Genetic Testing

So, I’m beginning to settle into a reality that Hana will vomit once a day. Since I’ve done so, it feels easier to manage. I will carry towels and a change of clothes (for both me and Hana) everywhere. I started keeping towels and basins handy for the unforeseen vomit. Yesterday she vomited all over me (and herself) while we were out and about and today she vomited on the carpet in her room.
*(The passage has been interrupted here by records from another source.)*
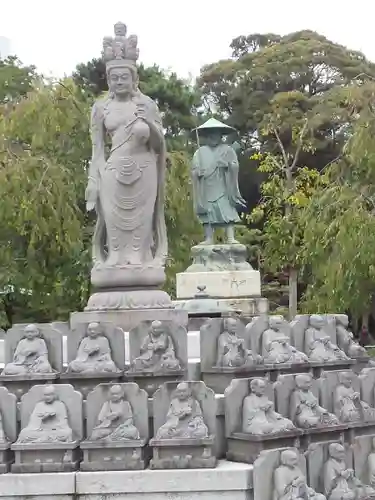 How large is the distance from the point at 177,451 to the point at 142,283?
2.14m

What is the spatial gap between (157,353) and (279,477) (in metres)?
1.33

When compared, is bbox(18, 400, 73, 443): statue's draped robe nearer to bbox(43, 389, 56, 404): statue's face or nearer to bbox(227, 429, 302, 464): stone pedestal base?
bbox(43, 389, 56, 404): statue's face

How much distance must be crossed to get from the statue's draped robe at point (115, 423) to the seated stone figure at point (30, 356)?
70 cm

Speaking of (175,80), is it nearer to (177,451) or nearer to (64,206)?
(64,206)

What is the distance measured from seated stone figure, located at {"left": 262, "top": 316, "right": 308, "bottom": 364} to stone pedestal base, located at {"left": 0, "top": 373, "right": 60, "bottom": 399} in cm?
176

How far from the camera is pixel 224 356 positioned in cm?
619

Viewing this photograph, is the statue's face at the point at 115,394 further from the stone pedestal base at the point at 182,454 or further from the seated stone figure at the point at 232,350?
the seated stone figure at the point at 232,350

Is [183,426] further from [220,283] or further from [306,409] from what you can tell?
[220,283]

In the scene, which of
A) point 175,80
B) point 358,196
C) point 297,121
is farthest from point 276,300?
point 358,196

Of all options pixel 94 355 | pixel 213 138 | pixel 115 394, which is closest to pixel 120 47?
pixel 94 355

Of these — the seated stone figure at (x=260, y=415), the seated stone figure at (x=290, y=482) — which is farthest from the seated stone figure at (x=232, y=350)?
the seated stone figure at (x=290, y=482)

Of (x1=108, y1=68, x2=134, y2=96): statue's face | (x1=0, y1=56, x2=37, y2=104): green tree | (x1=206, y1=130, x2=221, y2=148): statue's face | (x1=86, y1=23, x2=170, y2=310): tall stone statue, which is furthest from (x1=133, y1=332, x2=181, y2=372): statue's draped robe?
(x1=0, y1=56, x2=37, y2=104): green tree

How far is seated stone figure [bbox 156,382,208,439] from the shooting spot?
5.38 metres

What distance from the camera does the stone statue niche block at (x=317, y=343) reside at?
22.9ft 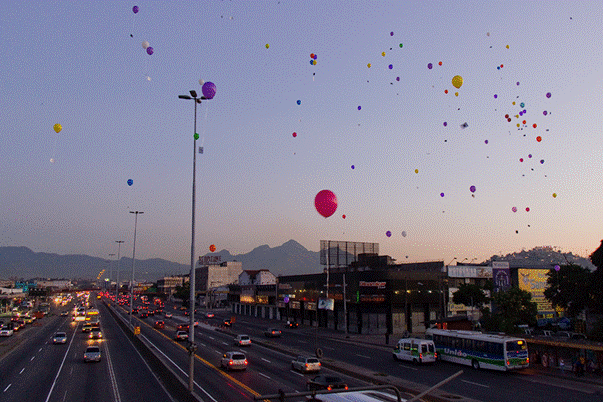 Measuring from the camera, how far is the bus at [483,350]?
35781 mm

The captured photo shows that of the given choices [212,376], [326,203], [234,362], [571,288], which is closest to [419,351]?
[234,362]

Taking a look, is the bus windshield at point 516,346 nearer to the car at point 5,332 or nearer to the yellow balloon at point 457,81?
the yellow balloon at point 457,81

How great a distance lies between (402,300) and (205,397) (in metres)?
50.8

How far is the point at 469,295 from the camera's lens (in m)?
77.9

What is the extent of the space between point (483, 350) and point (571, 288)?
42.3 meters

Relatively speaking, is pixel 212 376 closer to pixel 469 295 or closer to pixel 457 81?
pixel 457 81

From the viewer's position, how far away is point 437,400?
2452 cm

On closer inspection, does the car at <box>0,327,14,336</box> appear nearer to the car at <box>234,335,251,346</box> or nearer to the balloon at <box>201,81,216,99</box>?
the car at <box>234,335,251,346</box>

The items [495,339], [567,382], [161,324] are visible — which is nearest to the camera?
[567,382]

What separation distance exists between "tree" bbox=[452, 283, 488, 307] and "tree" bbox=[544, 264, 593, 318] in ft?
35.6

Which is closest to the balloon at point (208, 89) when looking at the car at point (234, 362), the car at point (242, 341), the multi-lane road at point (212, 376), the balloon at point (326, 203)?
the balloon at point (326, 203)

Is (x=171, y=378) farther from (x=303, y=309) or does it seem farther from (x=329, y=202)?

I just hope she is too young to be self conscious of it but I’m beginning to think not. Oh, my sweet baby.

Today my big project was chasing down one of Hana’s meds – her Lasix. I reordered it on Tuesday but it was still not ready and I realized I accidentally requested it be mailed to our house. Fortunately, the pharmacy tech only gave me a little bit of attitude about the whole thing. I hate asking for favors, especially when I’m to blame but Hana was completely out of Lasix so it must be done. I’m still learning how to manage all of her meds and I’m still learning the Kaiser system so I shouldn’t be too hard on myself. Right?

The other problem we are running into is our supply of syringes. I’m kind of amazed how difficult this is for people to grasp. I need syringes that can be used to administer meds into Hana’s NG tube. That shouldn’t be anything too special. But I guess it is. Or, it is hard for people to imagine that I’m only drawing 0.7 to 2.4 mL of liquid at a time. A 10 mL syringe is neither necessary or helpful since it doesn’t allow me to measure precise enough. There are more types of syringes than I ever imagined and you pretty much need a prescription in order to purchase them, that’s including the ones that don’t even work with needles! Our current supply we stockpiled after use during Hana’s hospital stay at Stanford. But now the plungers are wearing out and the numbers are wearing off.

The big news today was when the nurse practitioner from Stanford left me a voice message to call her about some new test results. I got very nervous and very confused since I had no idea what results they could have possibly received. It was the genetic testing results that were sent out two months ago just before Hana was discharged from Stanford. They tested 60 genes that they know of to look for the gene mutation that causes dilated cardiomyopathy. They found nothing. This doesn’t rule out genes but it does rule out a reason to do genetic testing on me or Paul. It’s possible that there is a gene they don’t know about. We still need to get our hearts checked every five years. For some reason, the news relieved me. Maybe it’s because I can have more hope that her heart may recover which isn’t really a possibility if the root cause is genetic.